== Data for analysis ==
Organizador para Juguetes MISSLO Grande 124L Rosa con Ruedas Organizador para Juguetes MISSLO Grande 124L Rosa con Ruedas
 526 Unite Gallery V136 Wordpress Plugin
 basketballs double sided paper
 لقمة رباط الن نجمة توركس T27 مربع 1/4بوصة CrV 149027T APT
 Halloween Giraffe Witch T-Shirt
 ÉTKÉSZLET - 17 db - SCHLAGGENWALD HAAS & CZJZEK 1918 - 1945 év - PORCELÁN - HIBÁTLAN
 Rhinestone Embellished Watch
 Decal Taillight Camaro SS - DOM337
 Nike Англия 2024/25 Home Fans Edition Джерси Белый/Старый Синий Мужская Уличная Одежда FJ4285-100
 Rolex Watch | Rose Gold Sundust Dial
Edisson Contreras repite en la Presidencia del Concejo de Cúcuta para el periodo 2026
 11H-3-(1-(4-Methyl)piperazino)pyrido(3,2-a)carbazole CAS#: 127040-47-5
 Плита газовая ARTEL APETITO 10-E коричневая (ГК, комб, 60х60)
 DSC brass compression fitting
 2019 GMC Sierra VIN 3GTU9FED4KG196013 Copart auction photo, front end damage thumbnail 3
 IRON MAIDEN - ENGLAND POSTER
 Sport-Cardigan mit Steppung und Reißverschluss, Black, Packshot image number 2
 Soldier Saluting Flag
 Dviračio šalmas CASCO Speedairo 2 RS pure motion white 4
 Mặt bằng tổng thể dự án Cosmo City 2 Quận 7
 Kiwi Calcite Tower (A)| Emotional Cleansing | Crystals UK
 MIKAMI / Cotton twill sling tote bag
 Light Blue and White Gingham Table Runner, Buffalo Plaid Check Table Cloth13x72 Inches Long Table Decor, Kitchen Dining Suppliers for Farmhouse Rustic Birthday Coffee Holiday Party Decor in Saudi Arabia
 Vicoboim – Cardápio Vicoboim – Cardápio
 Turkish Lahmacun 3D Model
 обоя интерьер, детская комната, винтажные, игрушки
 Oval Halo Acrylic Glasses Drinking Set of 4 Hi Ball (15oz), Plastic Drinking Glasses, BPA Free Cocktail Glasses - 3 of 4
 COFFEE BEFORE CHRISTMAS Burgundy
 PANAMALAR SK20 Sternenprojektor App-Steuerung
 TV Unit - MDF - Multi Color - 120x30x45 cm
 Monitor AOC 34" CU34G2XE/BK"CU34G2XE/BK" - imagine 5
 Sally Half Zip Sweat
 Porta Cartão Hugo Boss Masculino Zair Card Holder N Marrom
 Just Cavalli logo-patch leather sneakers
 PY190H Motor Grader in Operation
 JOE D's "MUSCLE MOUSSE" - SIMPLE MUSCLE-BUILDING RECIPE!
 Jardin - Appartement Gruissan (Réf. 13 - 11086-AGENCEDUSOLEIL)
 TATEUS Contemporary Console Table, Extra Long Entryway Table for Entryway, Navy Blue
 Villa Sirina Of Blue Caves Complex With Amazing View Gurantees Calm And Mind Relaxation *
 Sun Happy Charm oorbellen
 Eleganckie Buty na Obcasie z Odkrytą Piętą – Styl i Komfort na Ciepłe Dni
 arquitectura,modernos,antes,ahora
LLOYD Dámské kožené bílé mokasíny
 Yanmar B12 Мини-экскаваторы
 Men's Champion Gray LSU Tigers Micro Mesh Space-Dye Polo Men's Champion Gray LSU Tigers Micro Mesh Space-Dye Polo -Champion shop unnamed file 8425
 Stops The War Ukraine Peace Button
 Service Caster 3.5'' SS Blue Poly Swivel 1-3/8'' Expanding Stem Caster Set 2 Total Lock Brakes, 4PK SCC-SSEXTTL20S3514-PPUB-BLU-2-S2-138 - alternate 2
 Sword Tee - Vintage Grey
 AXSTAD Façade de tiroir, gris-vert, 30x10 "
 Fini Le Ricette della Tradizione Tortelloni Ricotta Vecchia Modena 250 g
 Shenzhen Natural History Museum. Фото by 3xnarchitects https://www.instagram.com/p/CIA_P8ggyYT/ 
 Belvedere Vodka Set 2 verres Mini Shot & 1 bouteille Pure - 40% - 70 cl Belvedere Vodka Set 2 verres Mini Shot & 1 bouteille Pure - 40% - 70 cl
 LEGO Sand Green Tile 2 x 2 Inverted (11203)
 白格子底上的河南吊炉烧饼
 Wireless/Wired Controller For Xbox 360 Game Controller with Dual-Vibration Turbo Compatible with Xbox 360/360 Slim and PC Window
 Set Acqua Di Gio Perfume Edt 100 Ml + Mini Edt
===
# Aim of the exercise:
Set down the records once more, character for character.

# Exercise result:
Organizador para Juguetes MISSLO Grande 124L Rosa con Ruedas Organizador para Juguetes MISSLO Grande 124L Rosa con Ruedas
 526 Unite Gallery V136 Wordpress Plugin
 basketballs double sided paper
 لقمة رباط الن نجمة توركس T27 مربع 1/4بوصة CrV 149027T APT
 Halloween Giraffe Witch T-Shirt
 ÉTKÉSZLET - 17 db - SCHLAGGENWALD HAAS & CZJZEK 1918 - 1945 év - PORCELÁN - HIBÁTLAN
 Rhinestone Embellished Watch
 Decal Taillight Camaro SS - DOM337
 Nike Англия 2024/25 Home Fans Edition Джерси Белый/Старый Синий Мужская Уличная Одежда FJ4285-100
 Rolex Watch | Rose Gold Sundust Dial
Edisson Contreras repite en la Presidencia del Concejo de Cúcuta para el periodo 2026
 11H-3-(1-(4-Methyl)piperazino)pyrido(3,2-a)carbazole CAS#: 127040-47-5
 Плита газовая ARTEL APETITO 10-E коричневая (ГК, комб, 60х60)
 DSC brass compression fitting
 2019 GMC Sierra VIN 3GTU9FED4KG196013 Copart auction photo, front end damage thumbnail 3
 IRON MAIDEN - ENGLAND POSTER
 Sport-Cardigan mit Steppung und Reißverschluss, Black, Packshot image number 2
 Soldier Saluting Flag
 Dviračio šalmas CASCO Speedairo 2 RS pure motion white 4
 Mặt bằng tổng thể dự án Cosmo City 2 Quận 7
 Kiwi Calcite Tower (A)| Emotional Cleansing | Crystals UK
 MIKAMI / Cotton twill sling tote bag
 Light Blue and White Gingham Table Runner, Buffalo Plaid Check Table Cloth13x72 Inches Long Table Decor, Kitchen Dining Suppliers for Farmhouse Rustic Birthday Coffee Holiday Party Decor in Saudi Arabia
 Vicoboim – Cardápio Vicoboim – Cardápio
 Turkish Lahmacun 3D Model
 обоя интерьер, детская комната, винтажные, игрушки
 Oval Halo Acrylic Glasses Drinking Set of 4 Hi Ball (15oz), Plastic Drinking Glasses, BPA Free Cocktail Glasses - 3 of 4
 COFFEE BEFORE CHRISTMAS Burgundy
 PANAMALAR SK20 Sternenprojektor App-Steuerung
 TV Unit - MDF - Multi Color - 120x30x45 cm
 Monitor AOC 34" CU34G2XE/BK"CU34G2XE/BK" - imagine 5
 Sally Half Zip Sweat
 Porta Cartão Hugo Boss Masculino Zair Card Holder N Marrom
 Just Cavalli logo-patch leather sneakers
 PY190H Motor Grader in Operation
 JOE D's "MUSCLE MOUSSE" - SIMPLE MUSCLE-BUILDING RECIPE!
 Jardin - Appartement Gruissan (Réf. 13 - 11086-AGENCEDUSOLEIL)
 TATEUS Contemporary Console Table, Extra Long Entryway Table for Entryway, Navy Blue
 Villa Sirina Of Blue Caves Complex With Amazing View Gurantees Calm And Mind Relaxation *
 Sun Happy Charm oorbellen
 Eleganckie Buty na Obcasie z Odkrytą Piętą – Styl i Komfort na Ciepłe Dni
 arquitectura,modernos,antes,ahora
LLOYD Dámské kožené bílé mokasíny
 Yanmar B12 Мини-экскаваторы
 Men's Champion Gray LSU Tigers Micro Mesh Space-Dye Polo Men's Champion Gray LSU Tigers Micro Mesh Space-Dye Polo -Champion shop unnamed file 8425
 Stops The War Ukraine Peace Button
 Service Caster 3.5'' SS Blue Poly Swivel 1-3/8'' Expanding Stem Caster Set 2 Total Lock Brakes, 4PK SCC-SSEXTTL20S3514-PPUB-BLU-2-S2-138 - alternate 2
 Sword Tee - Vintage Grey
 AXSTAD Façade de tiroir, gris-vert, 30x10 "
 Fini Le Ricette della Tradizione Tortelloni Ricotta Vecchia Modena 250 g
 Shenzhen Natural History Museum. Фото by 3xnarchitects https://www.instagram.com/p/CIA_P8ggyYT/ 
 Belvedere Vodka Set 2 verres Mini Shot & 1 bouteille Pure - 40% - 70 cl Belvedere Vodka Set 2 verres Mini Shot & 1 bouteille Pure - 40% - 70 cl
 LEGO Sand Green Tile 2 x 2 Inverted (11203)
 白格子底上的河南吊炉烧饼
 Wireless/Wired Controller For Xbox 360 Game Controller with Dual-Vibration Turbo Compatible with Xbox 360/360 Slim and PC Window
 Set Acqua Di Gio Perfume Edt 100 Ml + Mini Edt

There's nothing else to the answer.